Zniszczone budynki w historycznym centrum Kijowa, są też doniesienia o zabitych. Mer Witalij Kliczko w krótkim briefingu prasowym tuż przed godziną jedenastą (czasu środkowo-europejskiego) poinformował, że w wyniku porannego ataku na stolicę Ukrainy, życie straciła kobieta.

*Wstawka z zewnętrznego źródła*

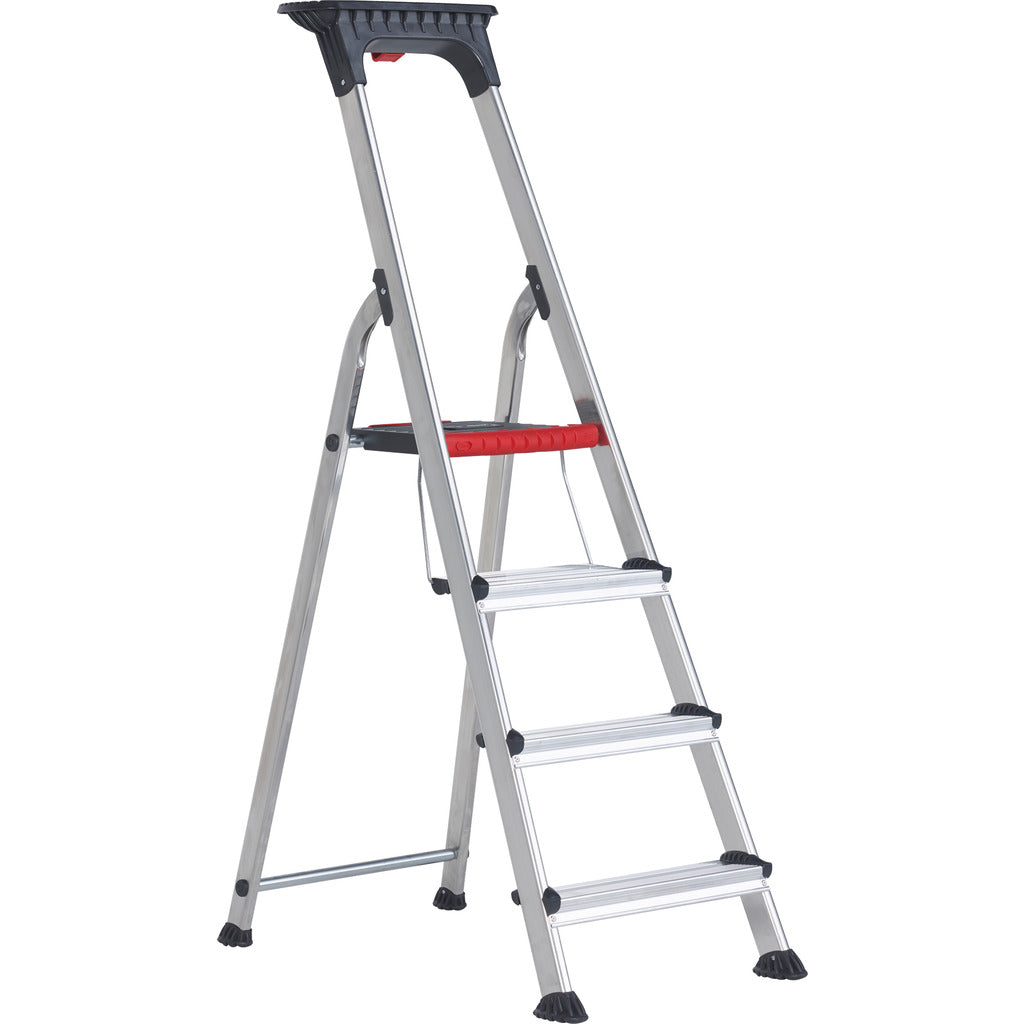 Double-decker stepladder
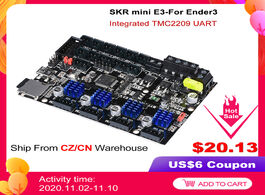 Foto van Computer bigtreetech skr mini e3 v1.2 32bit control board with tmc2209 uart driver 3d printer parts 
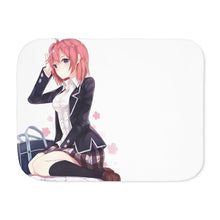 Load image into Gallery viewer, My Teen Romantic Comedy SNAFU Yui Yuigahama Sherpa Blanket
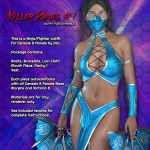 Exnem Killer Dames 1 Outfit for G8 Female Exnem Killer Dames 1 Outfit for G8 Female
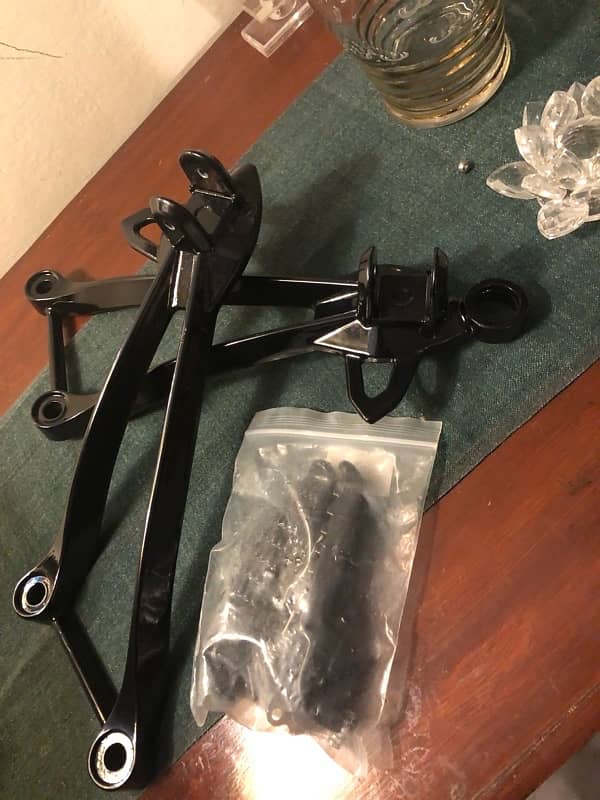 Kawasaki ZX 6R brand new foot pegs 1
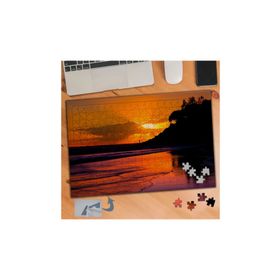919 Denizden Ve Günbatımı Manzarası 240 Parça Puzzle Yapboz Tablo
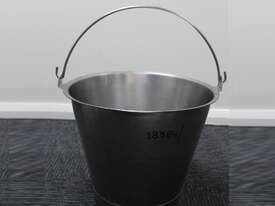 Stainless Steel Bucket - picture1' - Click to enlarge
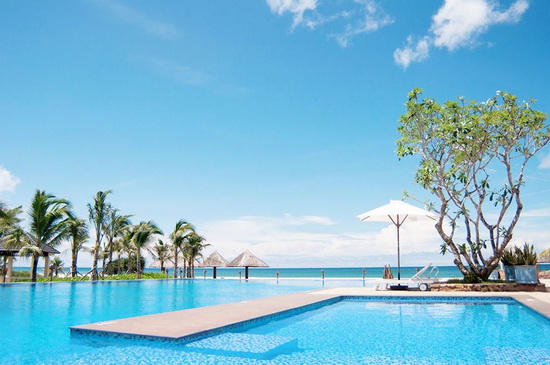 Swimming Pool at eden phu quoc resort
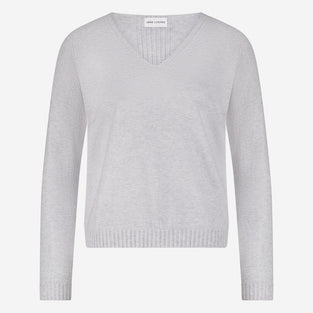 Pullover seamless viscose NB186 | Grey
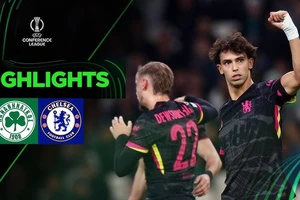 Panathinaikos vs Chelsea 1-4: Felix chói sáng cú đúp, Mudryk, Nkunku góp công chiến thắng, Pellistri ghi được bàn danh dự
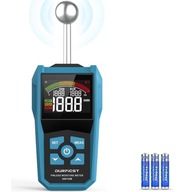 DURFICST MIERNIK WILGOTNOŚCI Z KOLOROWYM WYŚWIETLACZEM LCD I ALARMEM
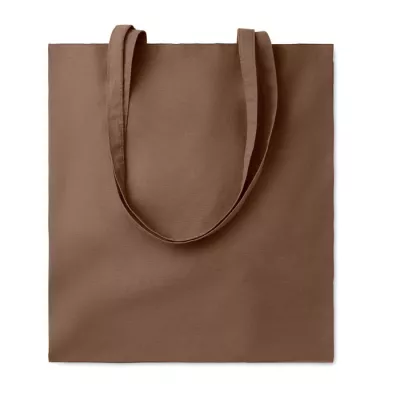 Torba bawełniana 38x42 cm 140 g/m² COTTONEL COLOUR + - Ziemia (MO9268-42)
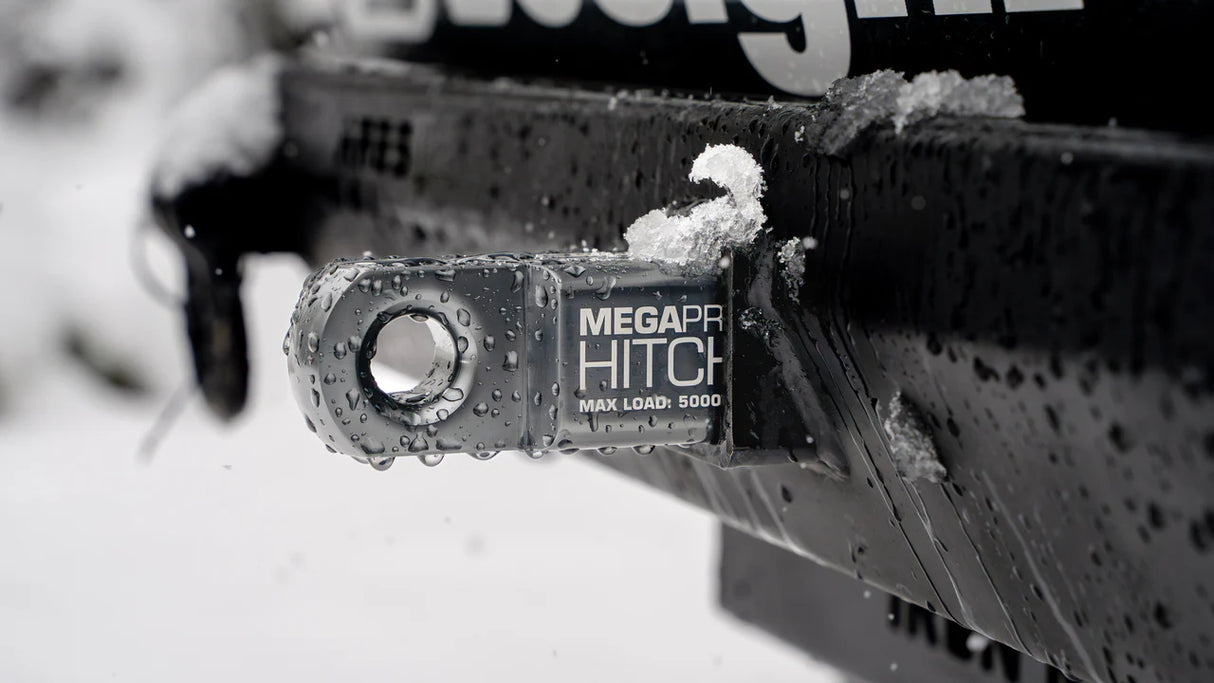 MegaPro Tow Hitch 5000kg - Tow Bar Mounted Recovery Hitch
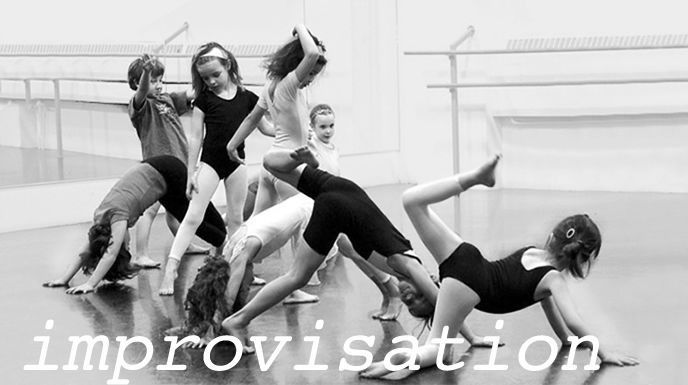 Kreativer Kindertanz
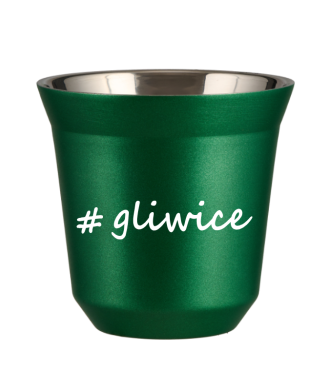 Kubek 240 ml ZIELONY METALIC Gliwice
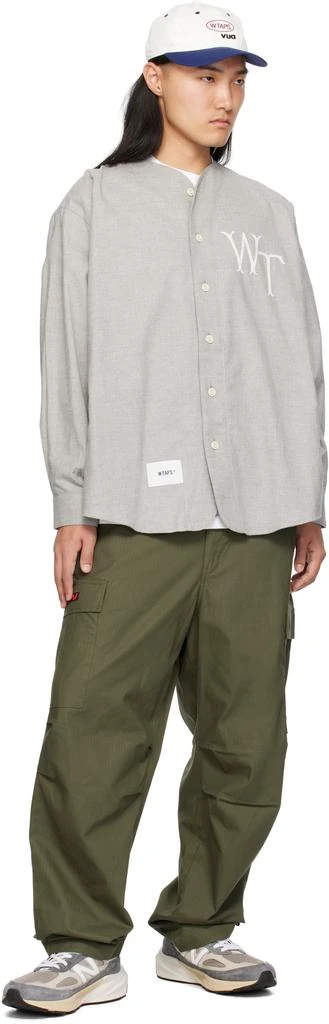 Wtaps Gray 07 Shirt 4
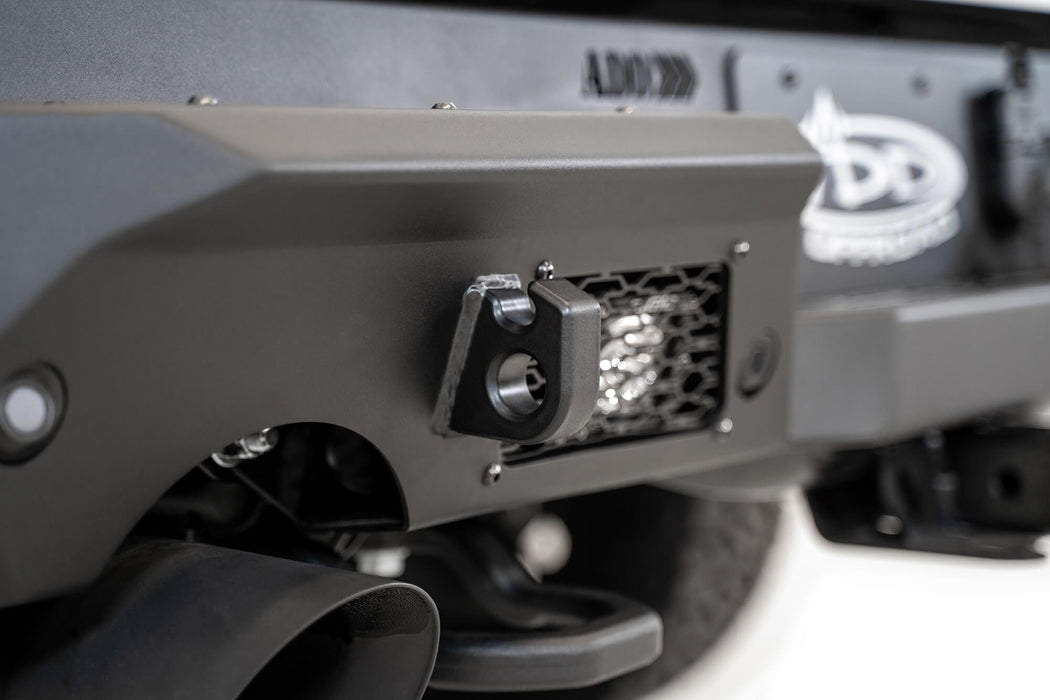 2021 - 2023 RAM 1500 TRX Stealth Fighter Rear Bumper, view 2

Ratownicy próbują się dostać do ludzi pod gruzami, dodał.
Mer Kijowa powiedział też dziennikarzom, że Rosjanie chcą doprowadzić do katastrofy humanitarnej. "Chcą zamrozić ludzi zimą, to jest atak terrorystyczny, Rosja jest państwem terrorystycznym", powtórzył.
"Widzicie, jak giną ludzie", kontynuował. Tak nie będzie tylko w Kijowie, tak będzie w całym kraju", stwierdził.
"Chcą zostawić miasta bez ogrzewania, bez elektryczności, to jest wojna nie przeciwko wojskowym, to jest wojna przeciwko cywilom, oni chcą wymordować Ukraińców", podkreślił Kliczko.
Po raz kolejny zaapelował też do przywódców państw Europy Zachodniej o wsparcie w postaci nowoczesnych systemów ochrony przeciwlotniczej.
"Niejednokrotnie mówiłem naszym partnerom, że potrzebujemy ochrony miasta. Raz jeszcze zwracam się, by przekazali nam współczesną ochronę przeciwlotniczą dla Kijowa", mówił mer.